▶ Task instructions
Although the entries contain pictures, only their text goes into the copy, set down exactly.

------------------------

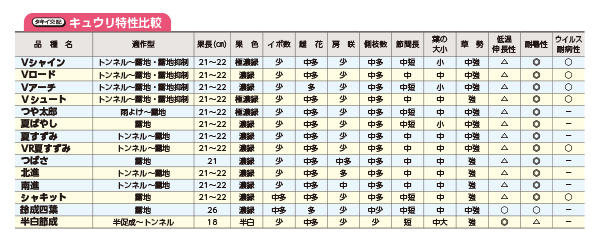 シャキット キュウリ ｜ 品種カタログ ｜ タキイの野菜【タキイ種苗】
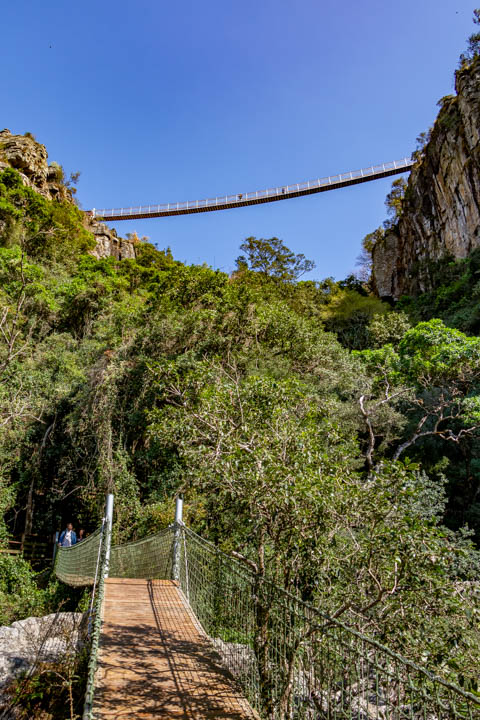 Graskop Gorge Lift Company - Suspension Bridge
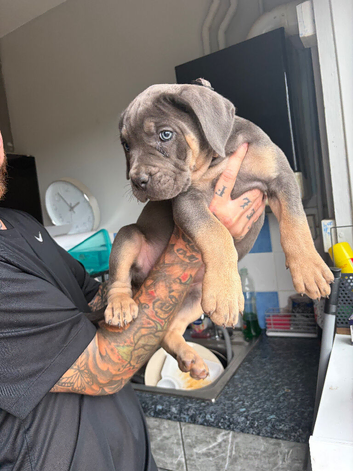 Cane corso female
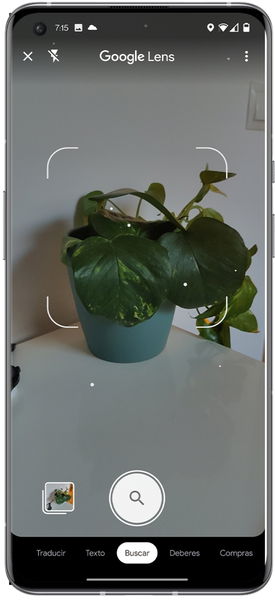 Cómo identificar cosas y objetos en fotos de la galería y capturas de pantalla usando Google Lens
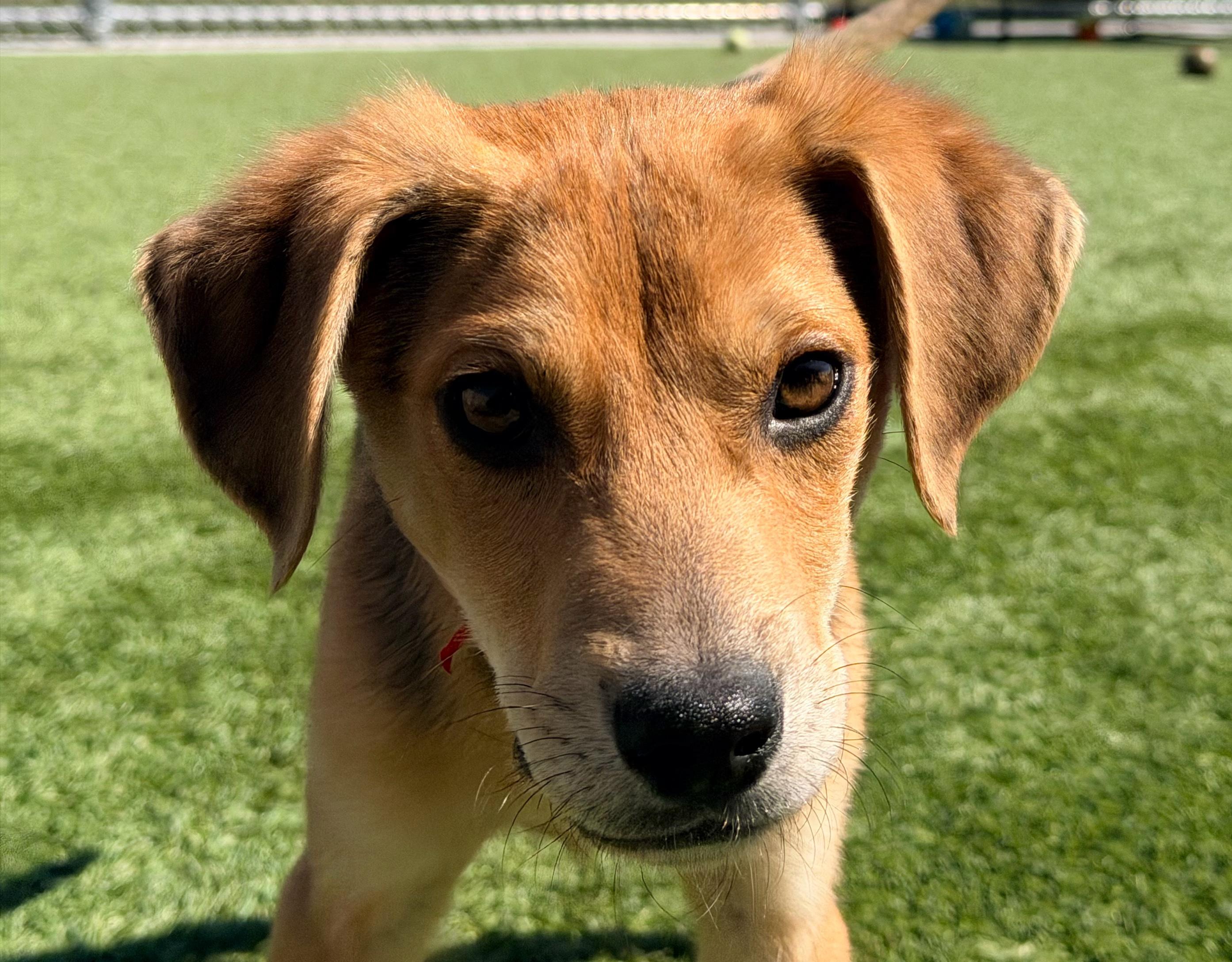 Enlarge Pandora, a ADOPTABLE Mixed Breed in Liberty, MO image 5/5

------------------------

▶ Solution to this exercise
 シャキット キュウリ ｜ 品種カタログ ｜ タキイの野菜【タキイ種苗】
 Graskop Gorge Lift Company - Suspension Bridge
 Cane corso female
 Cómo identificar cosas y objetos en fotos de la galería y capturas de pantalla usando Google Lens
 Enlarge Pandora, a ADOPTABLE Mixed Breed in Liberty, MO image 5/5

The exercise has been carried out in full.